Armagedon na rachunkach oszczędnościowych. Banki wprowadzają "minusowe oprocentowanie"

Katarzyna Florencka
Pierwsze banki wprowadzają opłaty za prowadzenie konta oszczędnościowego. To zła wiadomość dla ludzi z niewielkimi oszczędnościami. Oznacza bowiem, że niektórzy z nich mogą do konta... dopłacać.
Pierwsze banki wprowadzają opłaty za prowadzenie rachunku oszczędnościowego. Fot. Julian Sojka / Agencja Gazeta
Na wprowadzenie opłat za korzystanie z rachunku oszczędnościowego zdecydowały się trzy banki.
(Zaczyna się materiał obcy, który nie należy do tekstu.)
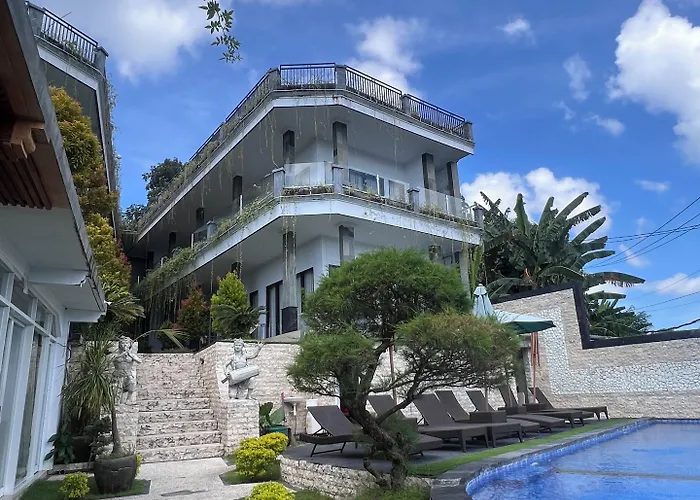 Grand Yuna Nusa Penida Otel 3*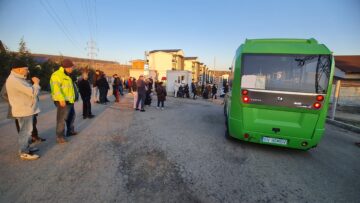 Protest al locuitorilor din zona Aleea Dumbrăvii contra scoaterii microbuzului TPL de pe linia 26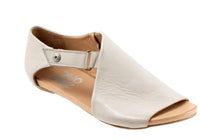 Bueno - Women's Kale Sandal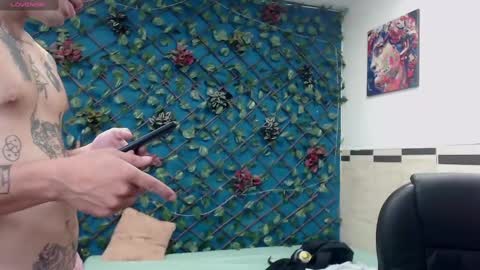 R E N E  online show from February 2025 10:58:01 AM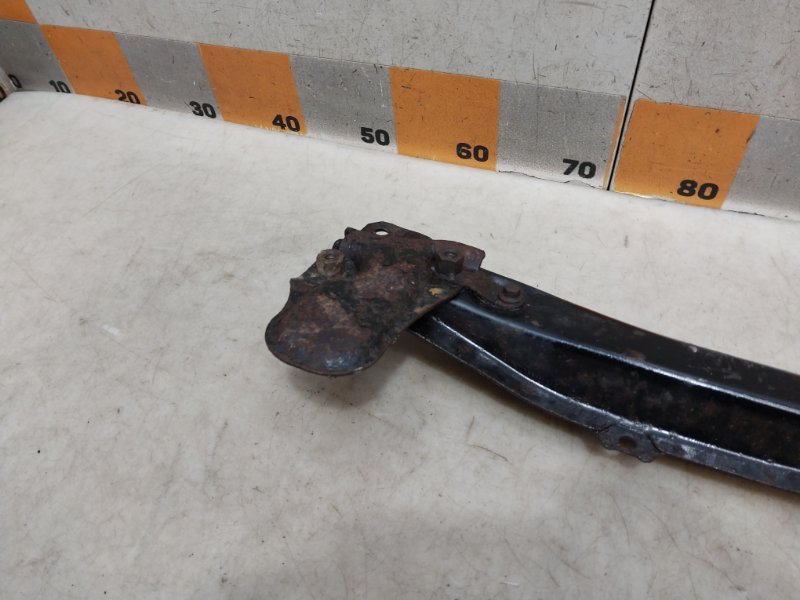 Балка передняя продольная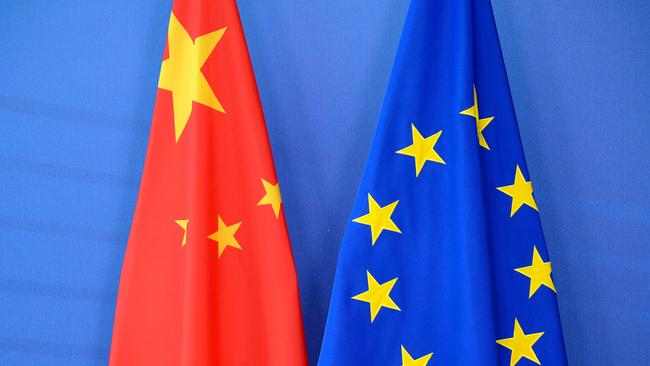 EU member states give political backing to Brussels' efforts to negotiate an investment pact with China, diplomats said, clearing the way for a deal. At a meeting of ambassadors, one said, the German EU presidency noted no member had “raised a stop sign and the way for a political endorsement was thus cleared’’.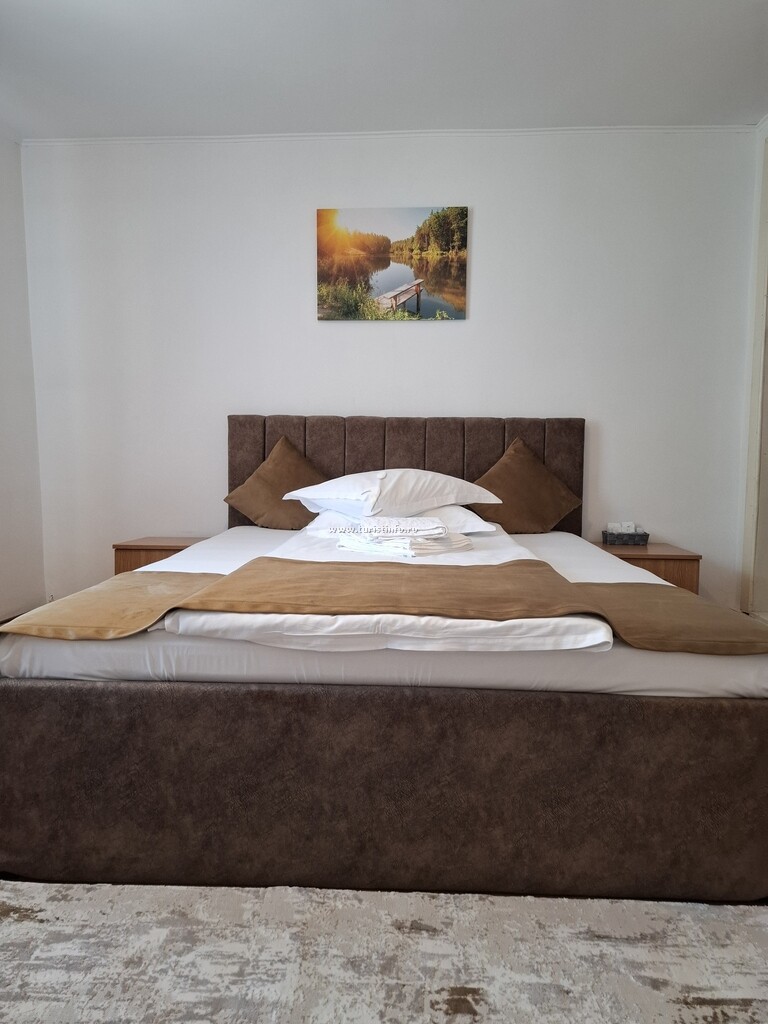 Camere de închiriat Casa Coraiu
W EnveloBanku (cyfrowa odnoga Banku Pocztowego) od września oprocentowanie oszczędności wyniesie 0,01 proc., z kolei opłata za prowadzenie rachunku to będzie 1,99 zł miesięcznie (2,99 zł jeśli nie mamy w tym banku zwykłego konta).

Złotówkę za obsługę konta oszczędnościowego zapłacimy również w PKO BP. Do 50 tys. zł oprocentowanie wynosi tam 0,2 proc., zaś od 200 tys. zł 0,5 proc.

– W efekcie osoby deponujące niskie kwoty niewiele zarabiają, a zysk pochłania opłata za prowadzenie rachunku. W takiej sytuacji możemy już mówić o ujemnym oprocentowaniu oszczędności – ocenia Wojciech Boczoń, główny analityk serwisu bankier.pl.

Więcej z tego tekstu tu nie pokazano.